The coefficients table provides the estimated coefficients for the model’s intercept and each explanatory variable. The coefficient estimates indicate that the intercept is 62.77, PropMD has a positive effect on LifeExp (beta = 1497, p < 0.001), and TotExp has a positive effect on LifeExp (beta = 0.00007233, p < 0.001). The interaction between PropMD and TotExp is also significant (beta = -0.006026, p = 0.0000635), indicating that the effect of TotExp on LifeExp depends on the value of PropMD.

The Residuals table shows the minimum, 1st quartile, median, 3rd quartile, and maximum of the model residuals.

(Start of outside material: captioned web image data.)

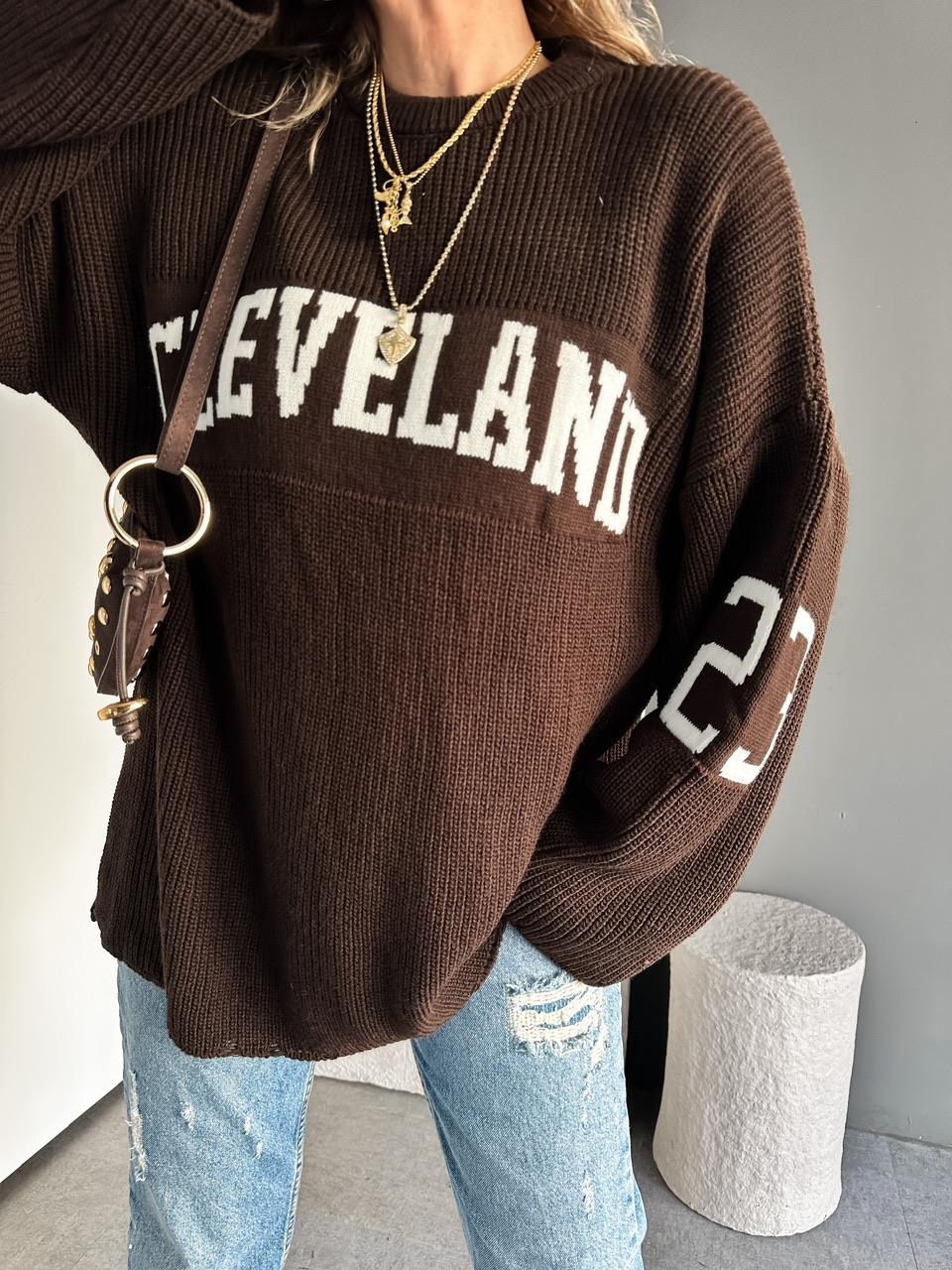 Kahve Cleveland Salaş Kazak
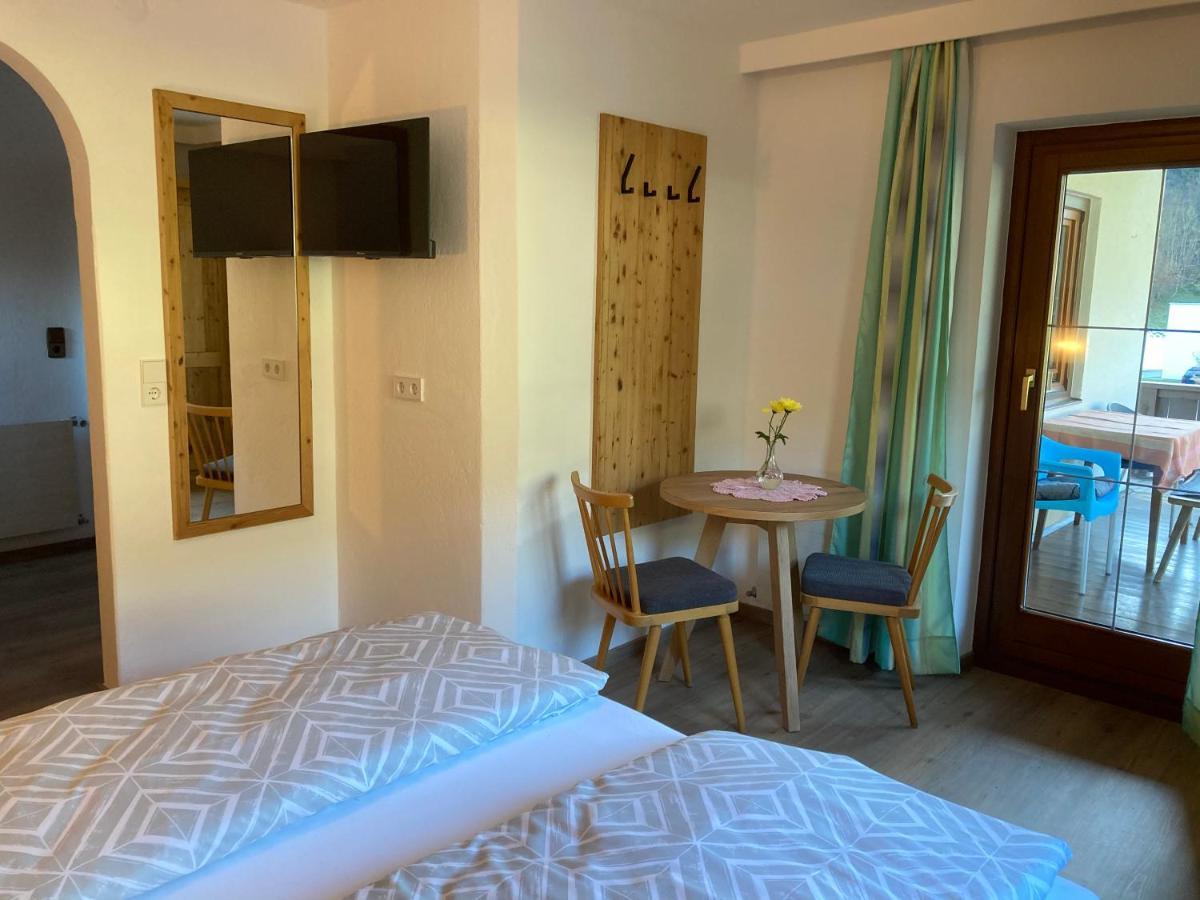 Ferienwohnung Kroell 齐勒河谷采尔 外观 照片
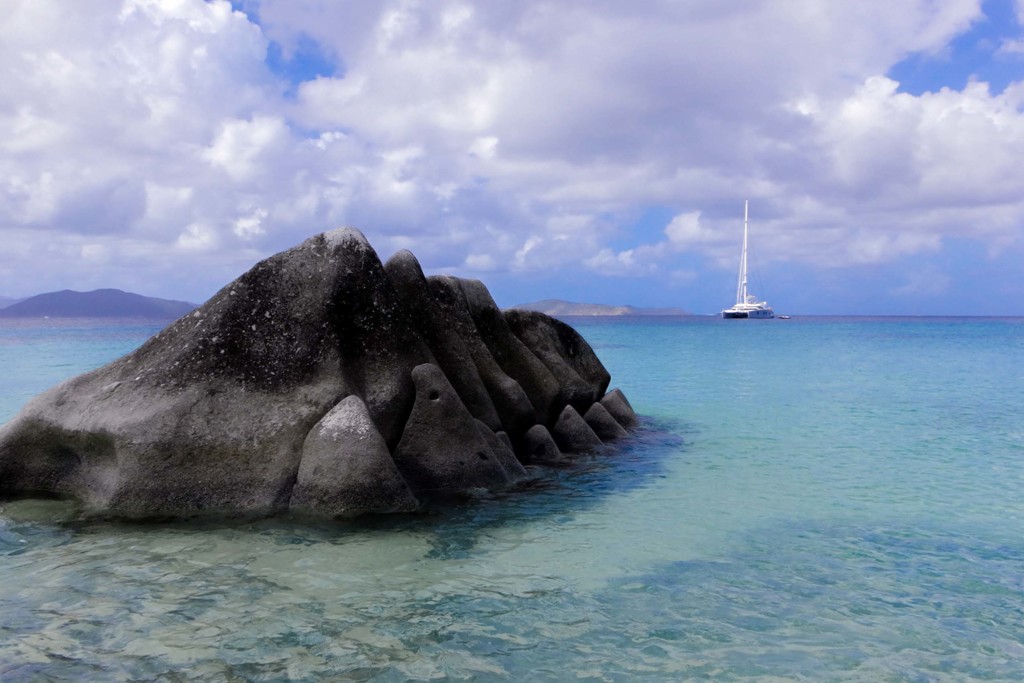 Luxury yacht charter vacation 00002.jpg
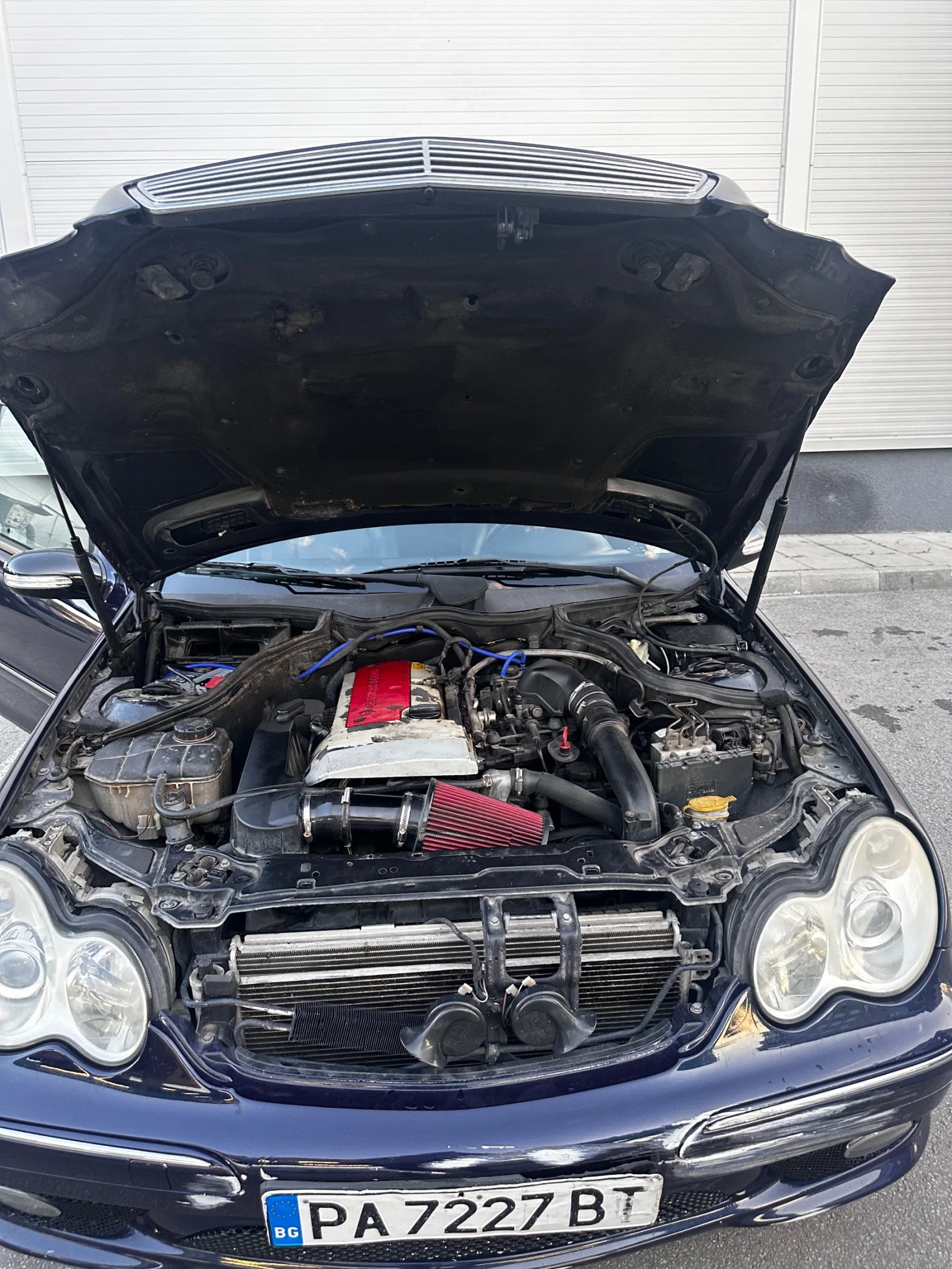 Mercedes-Benz C 200, снимка 16 - Автомобили и джипове - 54128995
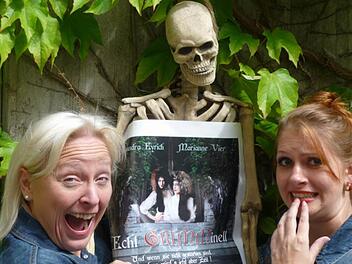 Zwei Profis in Sachen Erzählkultur bringen  dem Bamberger Publikum Grimms schaurige Geschichten nahe: Marianne Vier und Alexandra Eyrich.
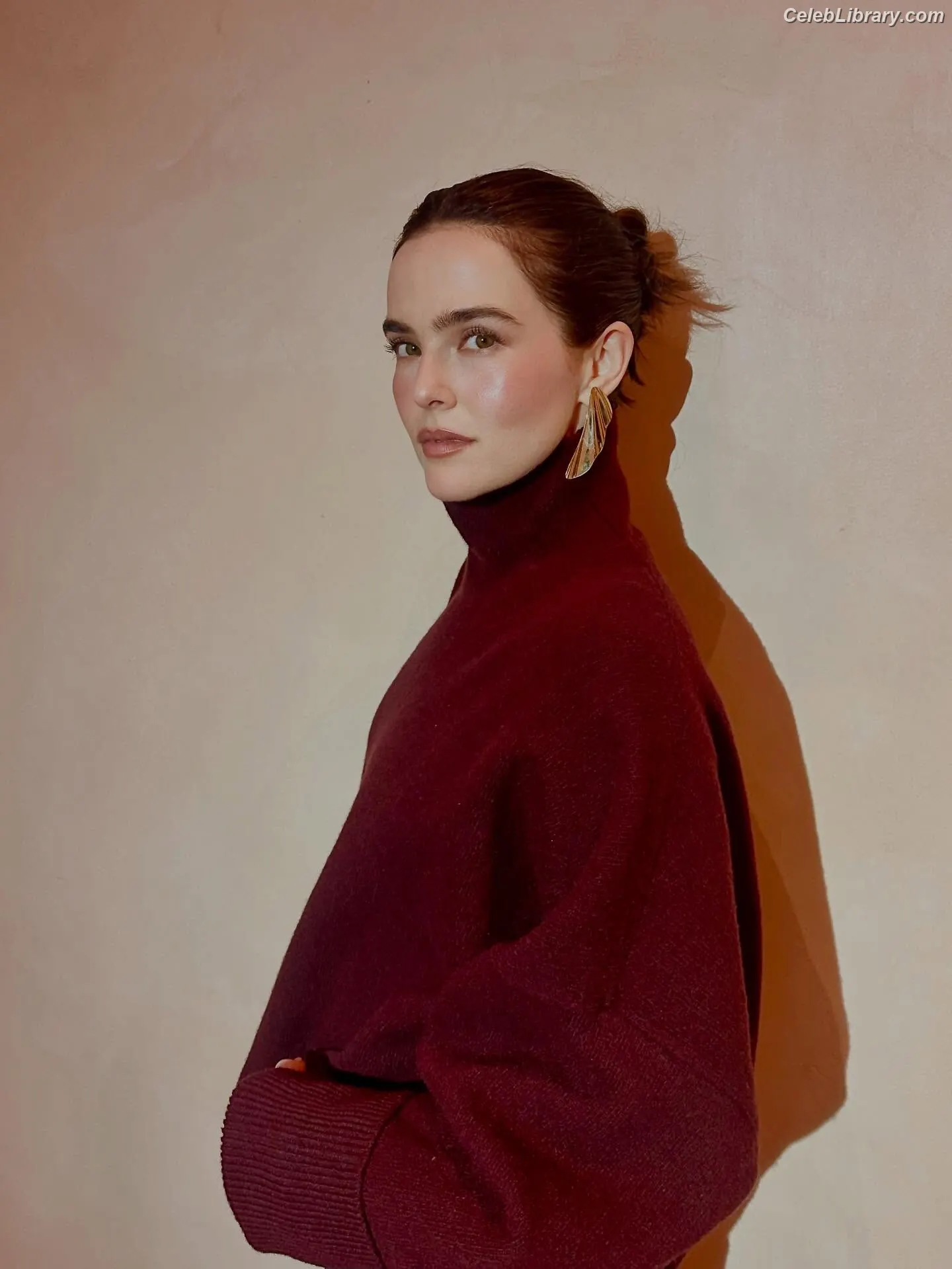 Zoey Deutch photo 8 of 1463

The model’s R-squared value of 0.3574 indicates that the model explains 35.74% of the variation in LifeExp. The adjusted R-squared value of 0.3471 suggests that adding PropMD, TotExp, and their interaction to the model did not result in overfitting. The F-statistic of 34.49 with 3 and 186 degrees of freedom and a p-value of < 2.2e-16 indicates that the model is statistically significant.

Overall, the model suggests that both PropMD and TotExp are significant predictors of LifeExp, and their interaction should be considered when interpreting the effect of TotExp on LifeExp.

5. Forecast LifeExp when PropMD=.03 and TotExp = 14. Does this forecast seem realistic? Why or why not?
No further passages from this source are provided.